Identification of novel candidate biomarkers for acute myocardial infarction by the Olink proteomics platform.

Background: Both pathological and normal processes depend on proteins. In this study, plasma protein profiles were analyzed by a novel proximity extension assay (PEA) to identify potential pathogenic mechanisms and diagnostic biomarkers in patients diagnosed with acute myocardial infarction (AMI).

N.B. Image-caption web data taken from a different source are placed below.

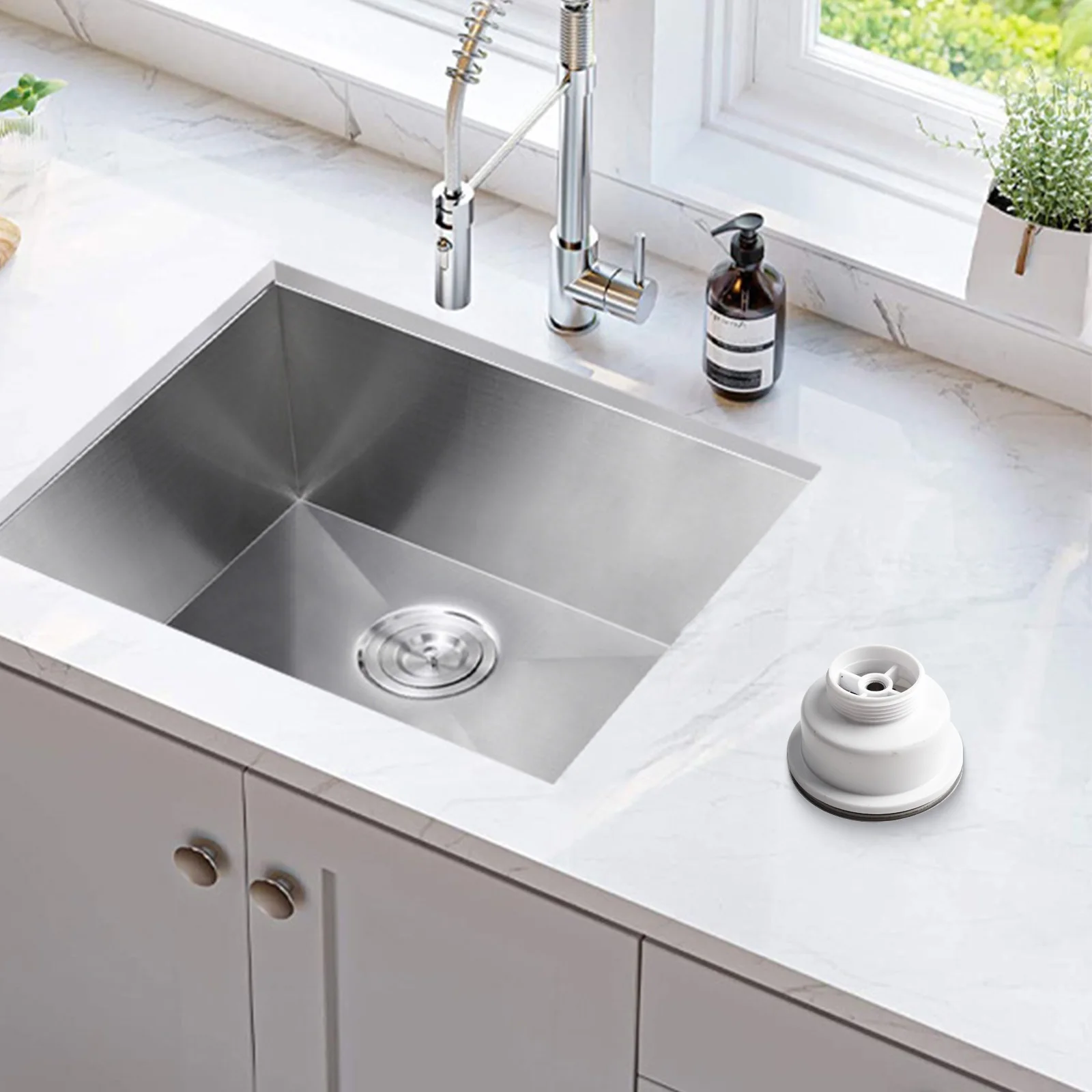 Waste Kit Sink Strainer High Quality PP Sink Stainless Steel Silver For Sink Opening 70-80mm Quality Is Guaranteed Practical
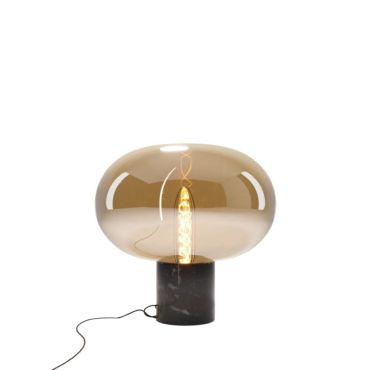 Maxlight Moonstone - lampe à poser - Ø 45 x 45 cm - verre ambré et noir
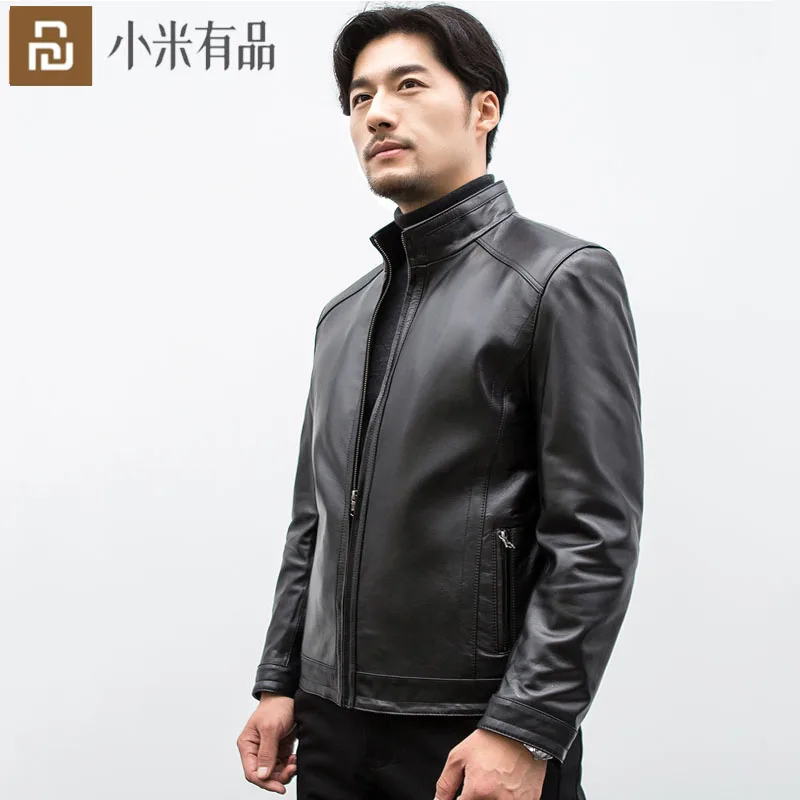 

YouPin Sheepskin Classic Slim Leather Jacket Motorcycle Bomber Homme For Men Hot Waterproof Windproof and Warm Soft Durable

Methods: In this study, we identified a total of 92 plasma proteins using the Olink Target 96 Cardiovascular III panel in a cohort consisting of 30 healthy controls (HC), 28 patients with unstable angina (UA) and 30 patients with AMI. Subsequently, we conducted a differential expression analysis to identify protein molecules that were specifically expressed in patients with AMI. To gain insights into the potential functional mechanisms of these differentially expressed molecules, we performed Gene Ontology (GO) enrichment and Kyoto Encyclopedia of Genes and Genomes (KEGG) pathway analyses. Following that, the utilization of least absolute shrinkage and selection operator (LASSO) regression facilitated the identification of potential protein biomarkers, enabling the differentiation between AMI and UA. A diagnostic model was subsequently developed through logistic regression, and the effectiveness of these markers was assessed using receiver operating characteristic (ROC) analysis. Ultimately, the diagnostic capabilities of these potential biomarkers were validated in an independent validation cohort consisting of 30 UA cases and 30 AMI cases.

Results: In this study, a comprehensive analysis of plasma proteins identified a total of 92 proteins. Further analysis using analysis of variance revealed that 25 proteins exhibited specific expression in the AMI group compared to the HC and UA groups. Additionally, KEGG enrichment analysis indicated that these differentially expressed proteins were primarily associated with the activation of cytokine-cytokine receptor interaction, PI3K-Akt signaling pathway, and GnRH signaling pathway. AGRP, TGM2, IL6, GH1, and CA5A were identified through LASSO regression as prospective protein biomarkers for distinguishing between UA and AMI. The diagnostic model comprising these five proteins exhibited exceptional performance in both the discovery and validation datasets, surpassing AUC values of 0.9.

Conclusion: The findings of our study provide additional insights into the involvement of the inflammatory response and AKT cascade response in the development of AMI. Moreover, we have identified potential protein markers that could be utilized for the accurate diagnosis of AMI. These results offer a fresh perspective for clinical decision-making in the context of AMI.